Reversal of two-kidney one clip renovascular hypertension in the rat.

Abstract
Attempted correction of 2-kidney, 1 clip Goldblatt hypertension in the rat was performed by 3 techniques: removal of the constricting clip, removal of the ischemic kidney and converting enzyme blockade by oral captopril. Since duration of hypertension is said to be a critical factor, groups of rats were studied after short term (< 6 wk from clipping) and chronic (> 4 mo.) hypertension. Blood pressure, Na balance and plasma renin concentration (PRC) were followed before and after these correcting procedures. In a control group of animals, removal of a loose renal artery clip did not influence blood pressure and only caused trivial postoperative retention of Na. Unclipping normalized blood pressure in both short-term and chronic hypertension. After a major postoperative fall, blood pressure returned to somewhat elevated levels after nephrectomy in animals with chronic (but not short-term) hypertension. Na balance became markedly positive with the fall in blood pressure of operated hypertensive animals and was significantly correlated with the fall in blood pressure in these 4 groups at 7 days. Captopril produced a fall in blood pressure at 24 h, with a positive Na balance, but the relationship between blood pressure fall and Na balance did not reach statistical significance.
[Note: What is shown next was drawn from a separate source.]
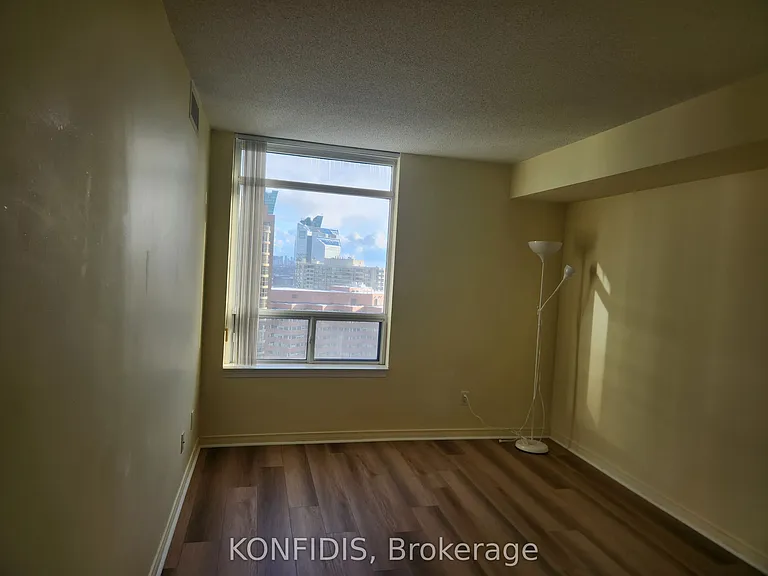 155 Beecroft Rd #2815 — Photo 8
The PRC was elevated in all hypertensive groups, but individual values overlapped with values from normal rats and nonhypertensive rats with a loose renal artery clip. The PRC fell to normal or subnormal values after either operative procedure and stabilized for at least 2 mo. independently of whether blood pressure fell or not. Na retention and renin hypersecretion do not maintain blood pressure in this model. The rapidity of the blood pressure fall is not consistent with a role for vascular hypertrophy. The greater efficacy of unclipping suggests that the revascularized kidney after this procedure exerts a vasodepressor function independent of Na excretion or the renin-angiotensin system.